§ Exercise requirements
Set down each record that follows exactly. Drop the images.

§ Web page caption snippets
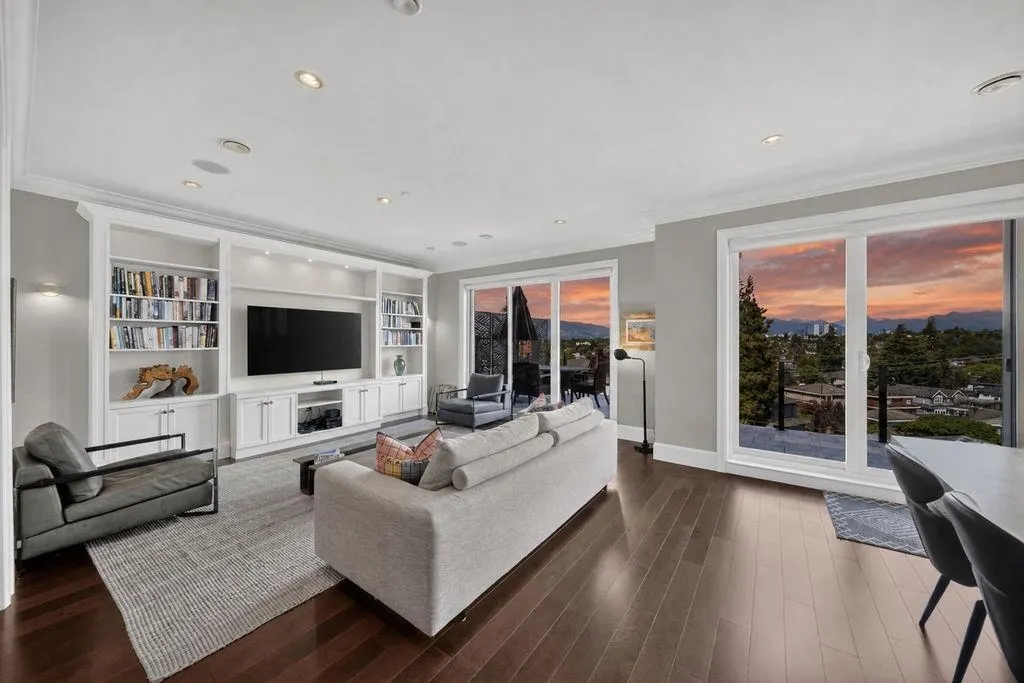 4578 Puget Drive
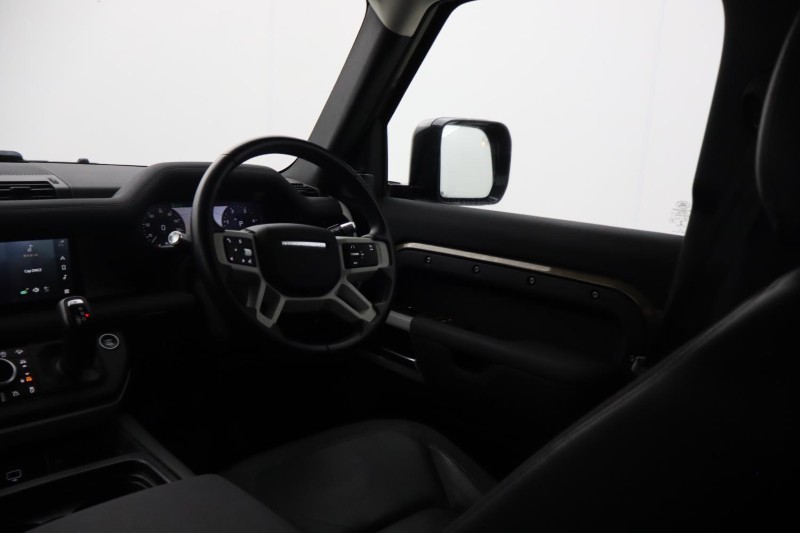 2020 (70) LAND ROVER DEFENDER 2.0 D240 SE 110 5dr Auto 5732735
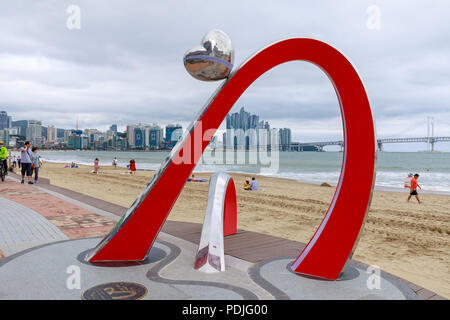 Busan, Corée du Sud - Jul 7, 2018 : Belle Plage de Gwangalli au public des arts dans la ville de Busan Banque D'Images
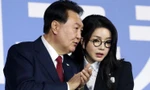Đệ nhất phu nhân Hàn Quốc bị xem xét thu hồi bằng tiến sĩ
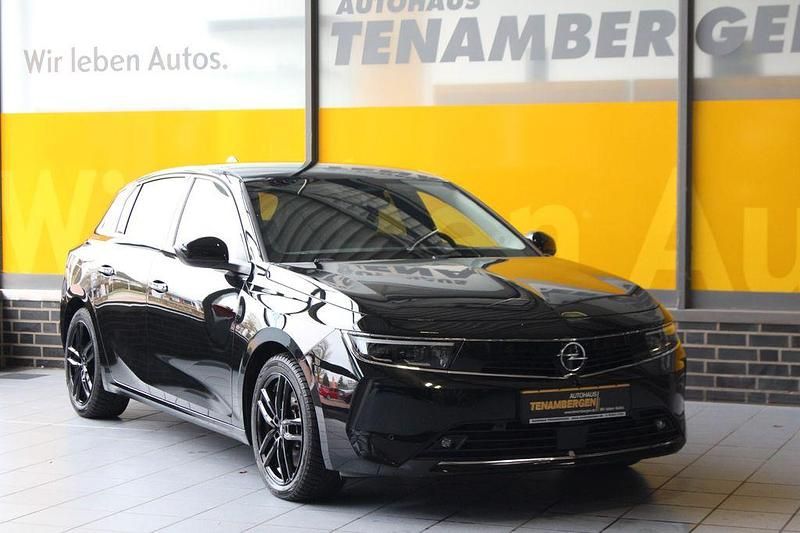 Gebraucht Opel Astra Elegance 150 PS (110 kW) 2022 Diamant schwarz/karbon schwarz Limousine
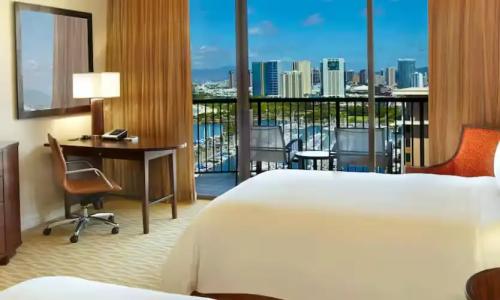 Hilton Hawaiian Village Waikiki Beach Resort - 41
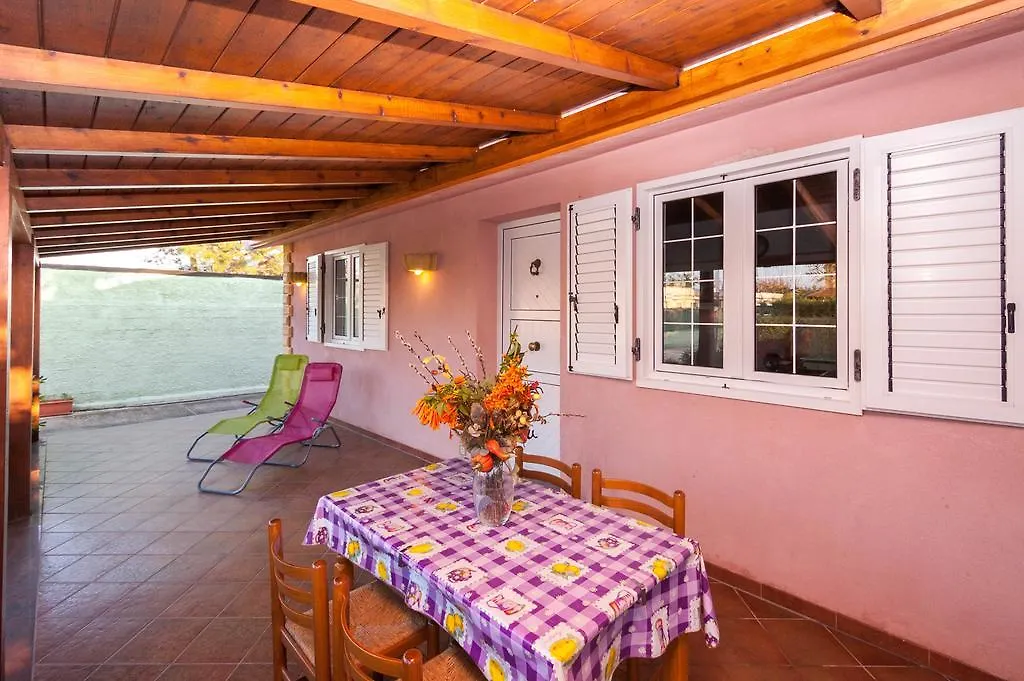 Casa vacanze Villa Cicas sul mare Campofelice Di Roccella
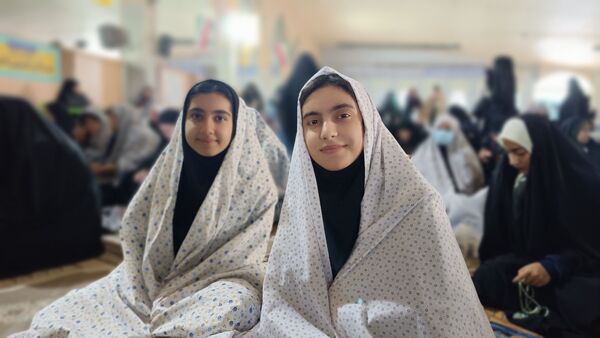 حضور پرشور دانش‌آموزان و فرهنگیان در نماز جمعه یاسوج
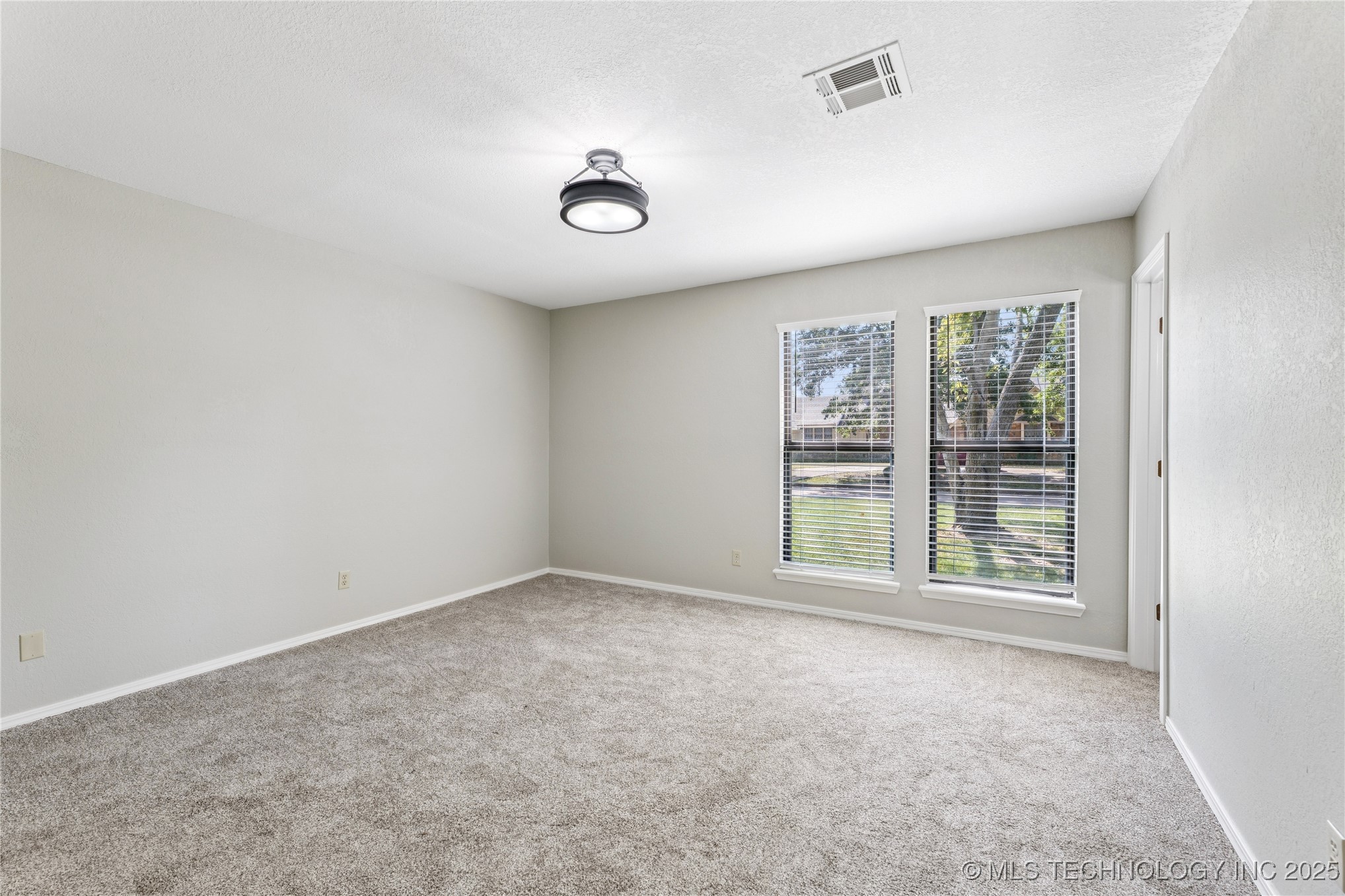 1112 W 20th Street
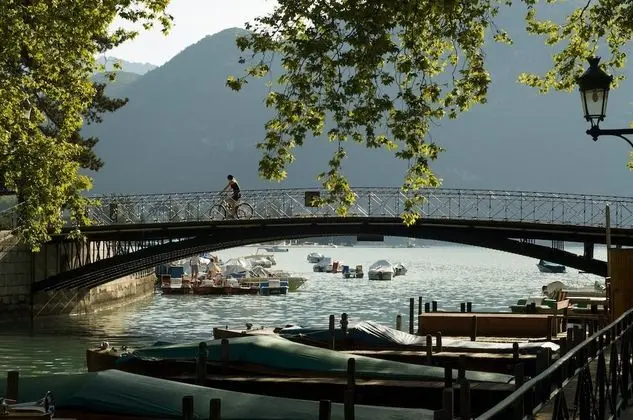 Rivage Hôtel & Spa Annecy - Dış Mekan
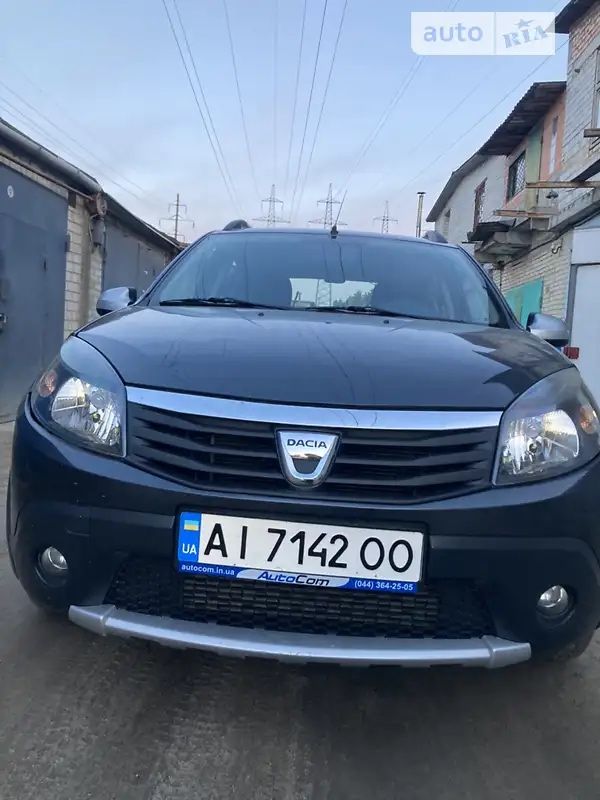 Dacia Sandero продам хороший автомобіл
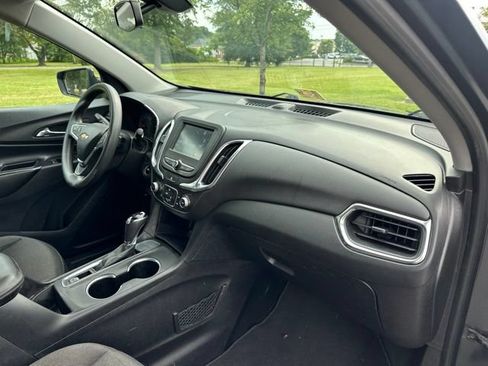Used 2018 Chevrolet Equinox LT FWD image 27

§ Answer to the problem
 4578 Puget Drive
 2020 (70) LAND ROVER DEFENDER 2.0 D240 SE 110 5dr Auto 5732735
 Busan, Corée du Sud - Jul 7, 2018 : Belle Plage de Gwangalli au public des arts dans la ville de Busan Banque D'Images
Đệ nhất phu nhân Hàn Quốc bị xem xét thu hồi bằng tiến sĩ
 Gebraucht Opel Astra Elegance 150 PS (110 kW) 2022 Diamant schwarz/karbon schwarz Limousine
 Hilton Hawaiian Village Waikiki Beach Resort - 41
 Casa vacanze Villa Cicas sul mare Campofelice Di Roccella
 حضور پرشور دانش‌آموزان و فرهنگیان در نماز جمعه یاسوج
 1112 W 20th Street
 Rivage Hôtel & Spa Annecy - Dış Mekan
 Dacia Sandero продам хороший автомобіл
Used 2018 Chevrolet Equinox LT FWD image 27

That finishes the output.